[Collected data entries]
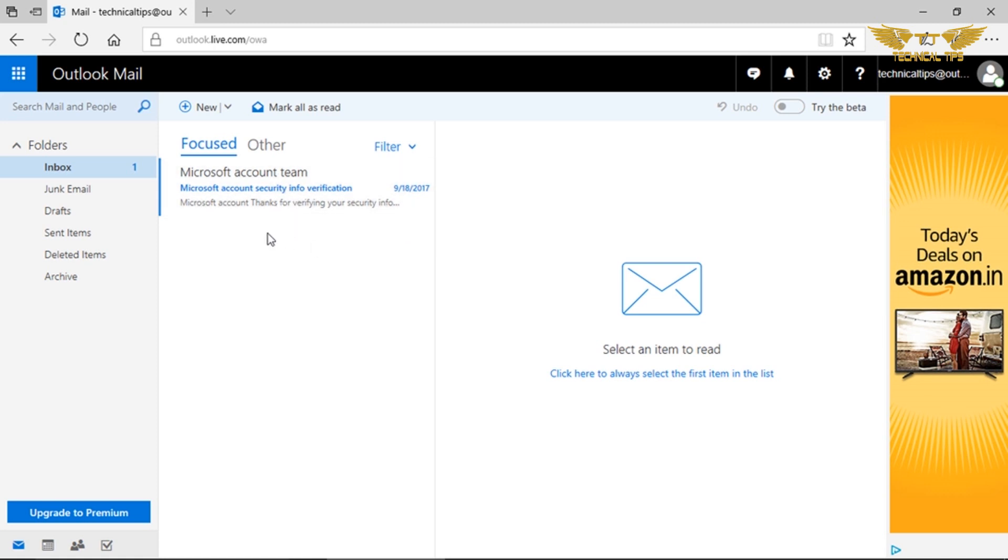So that's how you can change the settings when you are using a device. If you want the email to be permanently deleted from Outlook.com and from your device, those are the settings you can use.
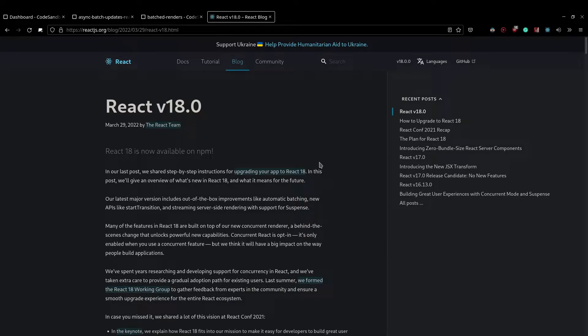Hey, what is going on guys? Welcome back to another video. And in this video, we're going to talk about automatic batch state updates in React.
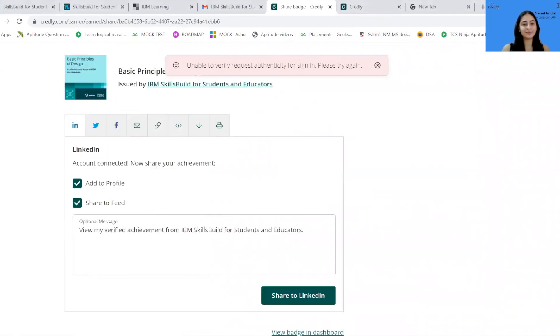So, what are you waiting for? Register and start upskilling yourself. Thank you.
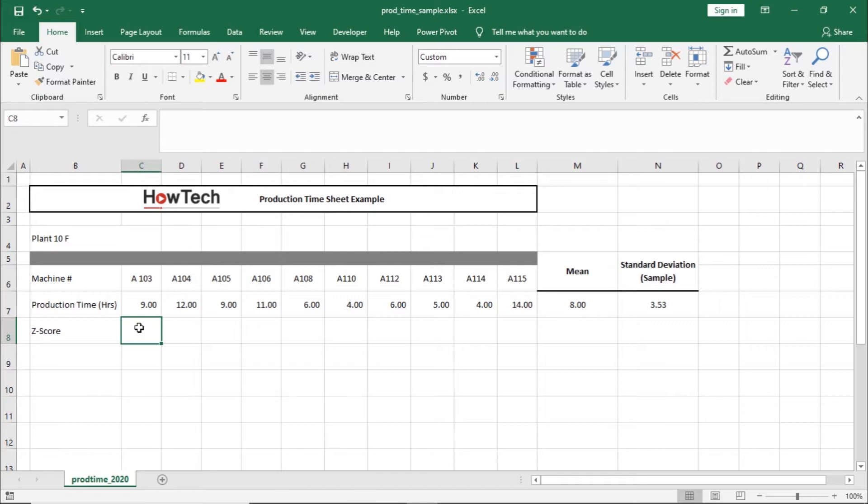Over here, we have the data set for 13 machines and the total duration for which each of those machines were used for production during the day. Now let's say we want to calculate the Z-score for each of these machines.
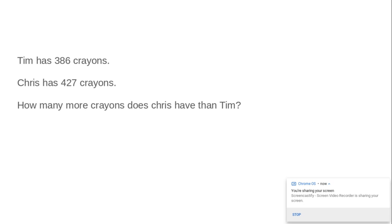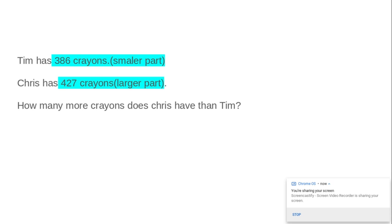First, we have a word problem. Tim has 386 crayons. Chris has 427 crayons. How many more crayons does Chris have than Tim?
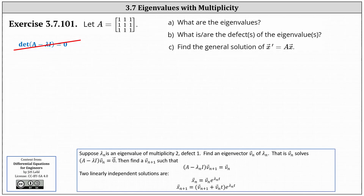We're given the three by three matrix A with all entries equal to one and asked to determine the eigenvalues, determine the defects of the eigenvalues, and finally find the general solution of x prime equals A times x.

:: Exercise prompt ::
Retype all entries above verbatim; no pictures belong in the copy.

:: Written answer ::
So that's how you can change the settings when you are using a device. If you want the email to be permanently deleted from Outlook.com and from your device, those are the settings you can use.
Hey, what is going on guys? Welcome back to another video. And in this video, we're going to talk about automatic batch state updates in React.
So, what are you waiting for? Register and start upskilling yourself. Thank you.
Over here, we have the data set for 13 machines and the total duration for which each of those machines were used for production during the day. Now let's say we want to calculate the Z-score for each of these machines.
First, we have a word problem. Tim has 386 crayons. Chris has 427 crayons. How many more crayons does Chris have than Tim?
We're given the three by three matrix A with all entries equal to one and asked to determine the eigenvalues, determine the defects of the eigenvalues, and finally find the general solution of x prime equals A times x.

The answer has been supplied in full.